Mum stands up suddenly. Dad stops. We both think she is going to say something important. But she moves quickly to stand in front of the window. She folds her arms.
Dad continues: ‘We need to understand that you’ve been going through a hard time.’
He is speaking to the large crêpe-paper lampshade, hanging in the middle of the room. Nobody is listening to him. His crotch juts. ‘All that exam stress and then breaking up with Jordana, which is never easy at your age. Your mother and I can see why you got things out of proportion.’
Mum spins round with her hands held out in front of her. She looks serious.
‘Lloyd,’ she says. ‘Get a grip.’
Her eyes are wide open. She is on the weepy verge.
My dad is baring his teeth and pursing his lips intermittently.
He shakes his head.
‘Round and round we go,’ she says.
‘Round and round,’ he says.
They are speaking in the secret code that develops from sharing a bed with someone for longer than a decade. They glare at each other. But their gazes weaken as they realize that I am watching them. This is the disappointing fact of my parents’ arguments. They always fizzle out just as I get close enough to see the whites of their eyes. Dad pushes his specs up his nose. Mum blinks repeatedly.
What they need is a really good blow-out.
I decide to play my part.
‘I can’t fucking handle this!’ I yell. ‘You two are wrecking my life!’ I run out the door, slamming it shut. The ornamental door stop is no match for me.
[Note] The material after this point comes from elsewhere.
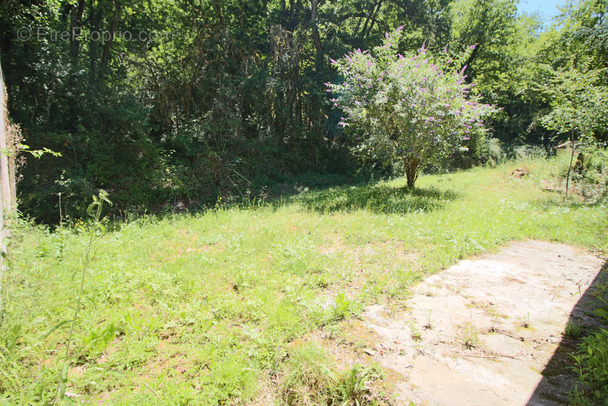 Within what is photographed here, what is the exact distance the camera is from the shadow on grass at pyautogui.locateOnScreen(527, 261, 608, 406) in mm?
1889

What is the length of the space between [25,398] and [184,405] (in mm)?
908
I take a deep breath, and then, one more for luck: ‘I hate you both!’
I stomp repeatedly on the bottom step so it sounds like I’m running upstairs to my room.
I stealthily tiptoe over the linoleum and stand with my ear to the cool door.
They are not raising their voices.
‘Oh dear,’ Dad says.
‘Lloyd – you should be that angry,’ she says.
‘I’m very angry,’ he says, not sounding angry.
There is a pause.
‘I am very angry,’ he says. I almost believe him.
‘You know what I did.’
‘I know. I’ve taken it on board,’ he says.
My dad is a cargo vessel.
‘I wanted to do it,’ she says. ‘I wanted to. I’m still angry with you.’
‘I’m upset,’ he says. ‘I’m angry.’
‘Round and round,’ she says.
They stop again, possibly to stare into each other’s eyes or kiss or wrestle or take off an item of clothing.
‘Remember what I burnt?’ she asks.
‘Bach’s Violin Sonatas and Partitas, performed by Johanna Martzy.’
‘You remember,’ she says, chuffed, like he has remembered an anniversary.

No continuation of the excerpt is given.